RECORDED DATA section start

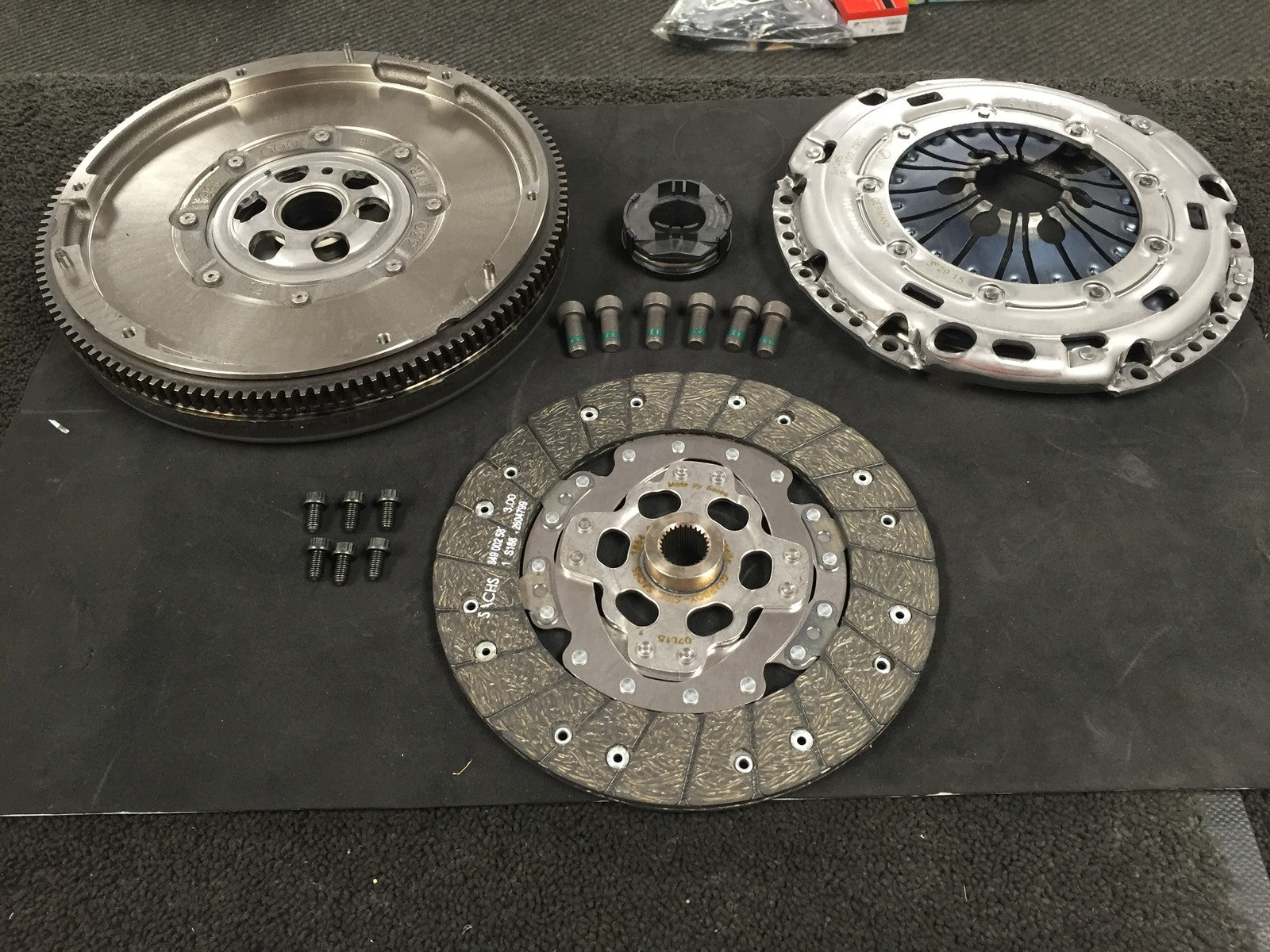 TRANSPORTER MUTIVAN T5 1.9Tdi 03-09 DUAL MASS FLYWHEEL CLUTCH  KIT COMPLETE 5SP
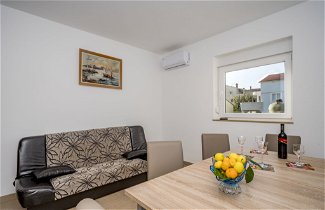 Foto 2 - Apartment mit 2 Schlafzimmern in Ližnjan mit garten und terrasse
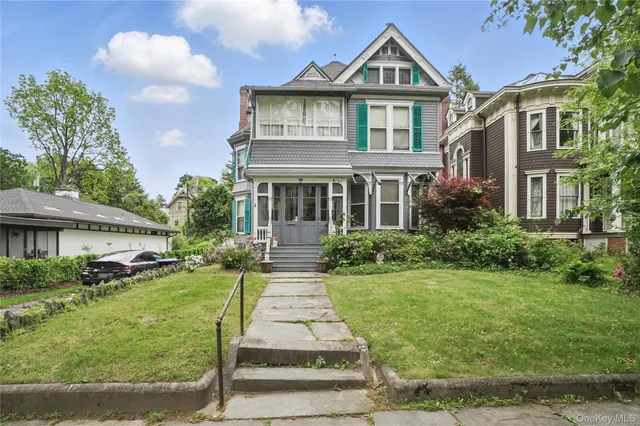 $649,900 | 25 Garfield Place, Poughkeepsie, NY 12601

RECORDED DATA section end

» **YOUR INSTRUCTIONS**: Where the data contains an image, skip the image and copy everything else exactly as it appears.

» **SOLUTION FOR THIS EXERCISE**:
 TRANSPORTER MUTIVAN T5 1.9Tdi 03-09 DUAL MASS FLYWHEEL CLUTCH  KIT COMPLETE 5SP
 Foto 2 - Apartment mit 2 Schlafzimmern in Ližnjan mit garten und terrasse
 $649,900 | 25 Garfield Place, Poughkeepsie, NY 12601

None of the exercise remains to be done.